GFA President admits worrying coaching standards

Ghana Football Association (GFA) President, Kurt Edwin Simeon-Okraku, has expressed concern over the declining standards of coaching and refereeing in the sport and emphasised that these challenges posed significant obstacles to the sport’s development.

He, however, assured the public that the GFA was committed to addressing those challenges.

Speaking at the 29th GFA Ordinary Congress in Kumasi yesterday, Mr Simeon-Okraku admitted that the standard of coaching remained a major problem and required substantial investment in capacity-building, time, and patience to yield positive results.

He further gave an assurance that the GFA was actively investing in raising coaching standards on all fronts, with particular attention being given to training and retraining coaches at the Ghanaman Centre of Excellence in Prampram.

In a bid to improve match officiating, the FA President disclosed that selected professional referees will be appointed to handle betPawa Premier League matches on a pilot basis, starting from the upcoming season.

However, he stated that much work remained to be done in raising the technical handlers’ capabilities over time to positively influence the game’s standards at all levels.

And to address this, his administration had revamped the technical department, appointing a Director of Coaching Education to collaborate closely with the FA’s Technical Director and instructors from the Confederation of African Football (CAF) on building the capacity of coaches across all levels, with coaching licensing courses being implemented extensively.

“We have challenges with refereeing but with coaching we have a big problem,” he said in an address at the GFA Congress at the Great Hall of the Kwame Nkrumah University of Science and Technology (KNUST) in Kumasi.

Following the suspension of a number of top referees who were implicated in the Number 12 expose in 2018, the FA administration instituted a Catch Them Young policy to attract and train the youth to take up refereeing at the lower levels, an intervention the FA President said was yielding a lot of results.

In a related development, Prof. Joseph Kwame Mintah, the FA’s Director of Coaching Education, detailed the coaching licensing courses currently conducted at Prampram, indicating that it was modelled after the coaching licensing programme by the Union of European Football Associations (UEFA), with FIFA and UEFA officials providing valuable input in structuring the courses.

Similar to university semesters, the GFA/CAF licensing courses require completion of a specific number of contact hours during which coaches are monitored by assessors in the field before returning to the classroom.

Prof. Mintah noted that coaches with the highest licence in Ghana primarily hailed from the old era, while those holding modern licences are often found coaching in Division Two or serving as assistant coaches in Division One clubs.

The course content, he emphasised, was comprehensive, akin to UEFA’s licence programme, with differences being observed in the playing style and game models between lower-tier divisions and the Premier League.

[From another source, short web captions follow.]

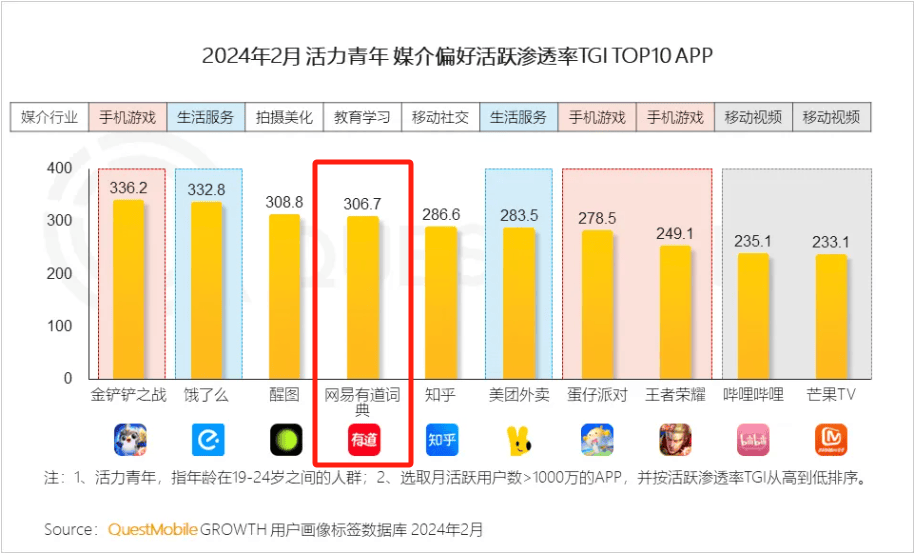 皇冠信用网登1_2024年春季中国移动互联网实力价值榜出炉皇冠信用网登1，网易有道词典再登行业NO.1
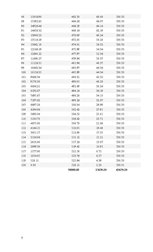 Biznesa plāns 'Viesu māja', 7.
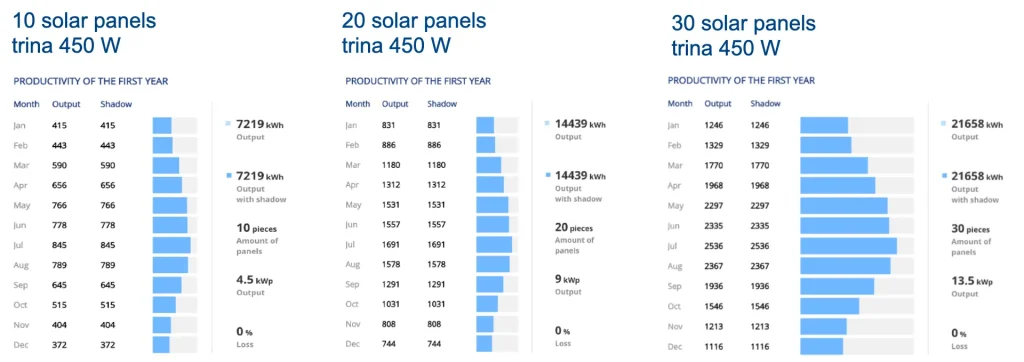production of solar panels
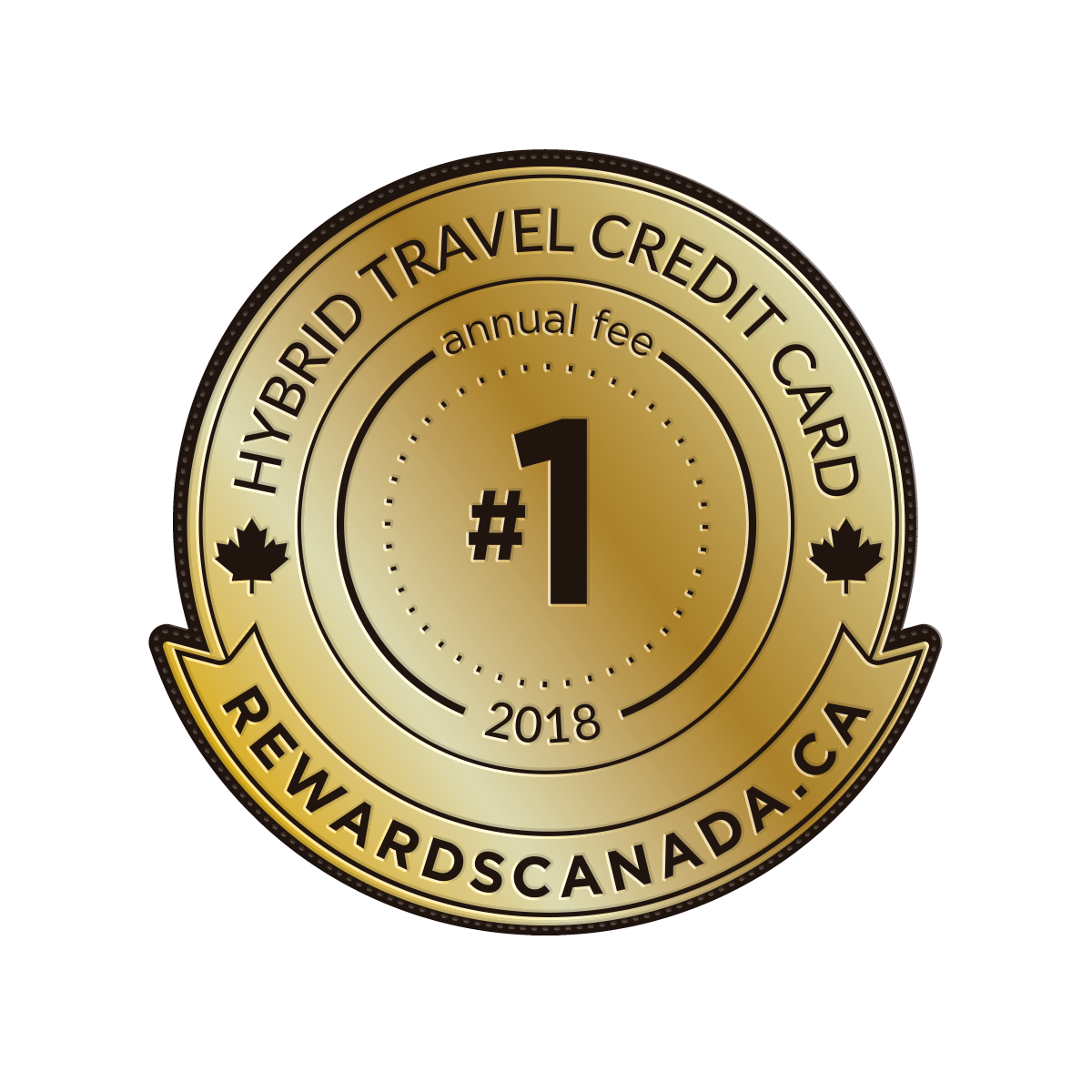 Canada’s Top Travel Rewards Credit Cards Revealed Rewards Canada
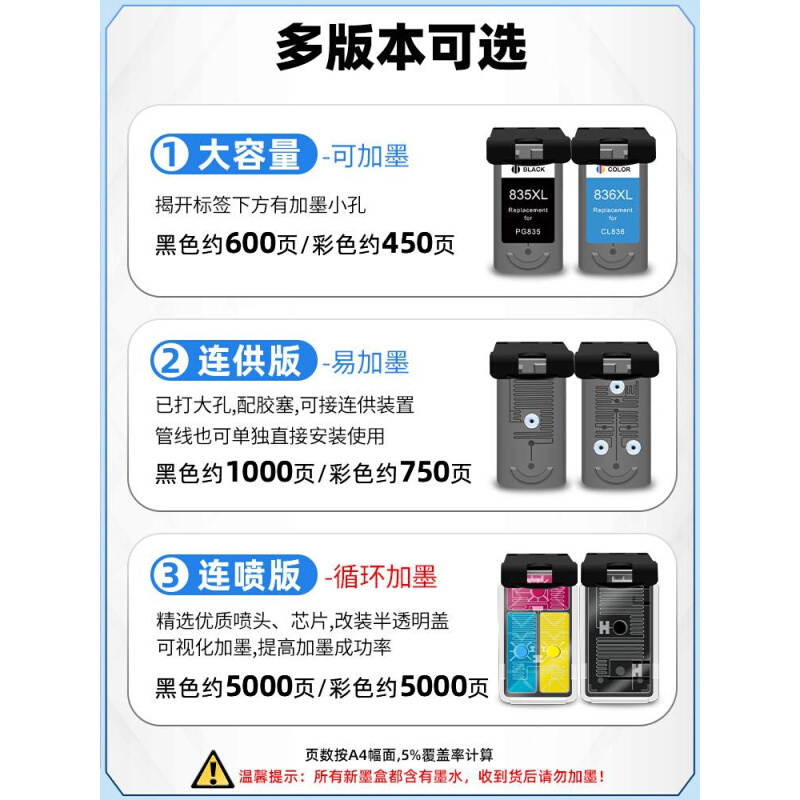 新品适用佳能835墨盒IP 1188 835XL黑色 CL836彩色连喷耗材非原-图2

“The content is rich and developed like the UEFA licence course. So, for example, in the Division 2 Middle League, you see that the style of play, their game model is different from the one you see in the premier league,” Prof Mintah, onetime head coach of Ebusua Dwarfs and a former psychologist of the Black Stars, told the Daily Graphic on the sidelines of the GFA Congress.

As of now, Prof. Mintah’s efforts have focused on coaching courses for Licence D, Licence C, and Licence A, awaiting approval of the course content before commencing the GFA/CAF License A courses.

Notably, 500 participants have already completed the Licence D course, with 120 undergoing the Licence C course, of which 60 have already finished. Female coaches are also receiving separate coaching courses at Prampram.